L'objectif de ce notebook est de faire du "Document Classification", c'est une sous partie du NLP. Pour cela, nous prenons les données qui sont [ici](https://api.github.com/repos/Microsoft/vscode/issues). Les données peuvent être récupérées soit via l'API [PyGithub](https://github.com/PyGithub/PyGithub), soit directement avec la commande curl. Nous devrons ensuite classer les différentes "issues" sous les différents labels (bug, feature-request et other). On rajoute la classe "other" afin d'être sûr que les deux autres concepts sont correctements appris. Pour finir, nous fournirons une méthode qui prendra en paramètre, un titre et un corp de texte et qui labellisera cette nouvelles entrée.

Plan
========
1. Construction du dataset
2. Séparation des datasets
3. Feature-Extraction
4. Entraînement
5. Validation
6. Utilisation du classifier

In [1]:
#Diférents imports utilisés par la suite
import pandas as pd #Gestion des dataframes
import nltk # Traitement du langage naturel
import numpy as np
#Apprentissage
from sklearn.pipeline import Pipeline
from sklearn.feature_extraction.text import CountVectorizer, TfidfTransformer, TfidfVectorizer
from sklearn.linear_model import SGDClassifier
from sklearn.metrics import accuracy_score, confusion_matrix
from sklearn.model_selection import GridSearchCV
from sklearn.utils import shuffle
from sklearn.svm import SVC
from sklearn.ensemble import RandomForestClassifier
from sklearn.naive_bayes import GaussianNB
from sklearn.neural_network import MLPClassifier
from pprint import pprint
from time import time
import logging

In [2]:
#Constants utilisées par la suite
LABEL_FQ = 'feature-request'
LABEL_BUG = 'bug'
LABEL_OTHER = 'other'
LABELS = [LABEL_BUG, LABEL_FQ, LABEL_OTHER]

# Construction du dataset

Pour cet exercice, on ne prendra que le titre, le corp et l'ID de l'issue. On va faire 3 classes différentes, 'bug', 'feature-request', 'other'. On considère que chaque input n'a qu'un seul label.

In [3]:
#Fonction qui permet de redéfinir les autres labels que bug et feature-request à other
def filter_label(labels):
    
    if LABEL_FQ  in labels:
        return LABEL_FQ
    elif LABEL_BUG in labels:
        return LABEL_BUG
    
    return LABEL_OTHER

In [4]:
issues = pd.read_csv('./issues.csv') #importation des données téléchargées au préalable
issues = issues.loc[:,['title','body','labels']] #On conserve seulement titre, body et labels
issues.head()

Unnamed: 0,title,body,labels
0,Panel badge is an odd shape when a single digit,Need to update the css so that this badge beco...,[]
1,custom titlebar : fullscreen very top dragging...,- VSCode Version: Insiders 1.26\r\n- OS Versio...,[]
2,Localized descriptions for built-in extensions...,Fixes #54111,[]
3,editor automatically removing characters from ...,Issue Type: <b>Bug</b>\r\n\r\nthe editor is re...,[]
4,[js] Add auto completion for computed property...,Currently intellisense doesn't work for comput...,"[{'id': 291124272, 'node_id': 'MDU6TGFiZWwyOTE..."


In [5]:
#Transformation des labels.
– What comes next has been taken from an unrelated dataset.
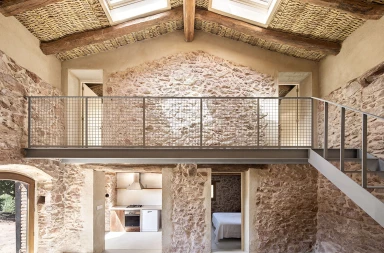 Transformation retains the charm of a Catalan country house 转型保留加泰罗尼亚乡村屋的魅力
On ne garde qu'un seul label (bug, feature-request et other)
for ind in issues.index:
    row = issues.loc[ind]
    labels = eval(row['labels'])
    tmp = []

    if len(labels) > 0: # S'il y a au moins un label, 3 possibilitées d'affectation
        for l in labels:
            tmp.append(l['name'])

        new_label = filter_label(tmp)
        issues.loc[ind, 'labels'] = new_label
    else:
        issues.loc[ind, 'labels'] = LABEL_OTHER #Sinon c'est other

In [6]:
issues.head()

Unnamed: 0,title,body,labels
0,Panel badge is an odd shape when a single digit,Need to update the css so that this badge beco...,other
1,custom titlebar : fullscreen very top dragging...,- VSCode Version: Insiders 1.26\r\n- OS Versio...,other
2,Localized descriptions for built-in extensions...,Fixes #54111,other
3,editor automatically removing characters from ...,Issue Type: <b>Bug</b>\r\n\r\nthe editor is re...,other
4,[js] Add auto completion for computed property...,Currently intellisense doesn't work for comput...,other


In [7]:
print(issues.labels.value_counts())
print('Totale : {}'.format(issues.shape[0]))

feature-request    2833
other              1644
bug                 904
Name: labels, dtype: int64
Totale : 5381


# Séparation des datasets

Dans cette section, nous séparons les données en 2 datasets. Ceci afin de valider le classifieur. Nous allons avoir un dataset pour l'entrainement et un pour le test. On garde 70% de chaque classe pour l'entraînement, et le reste de 30%.

In [8]:
dfTrain = {}
dfTest = {}
for l in LABELS:
    dfTrain[l] = issues[issues.labels == l].sample(frac=0.7)
    dfTest[l] = issues[issues.labels == l].drop(dfTrain[l].index)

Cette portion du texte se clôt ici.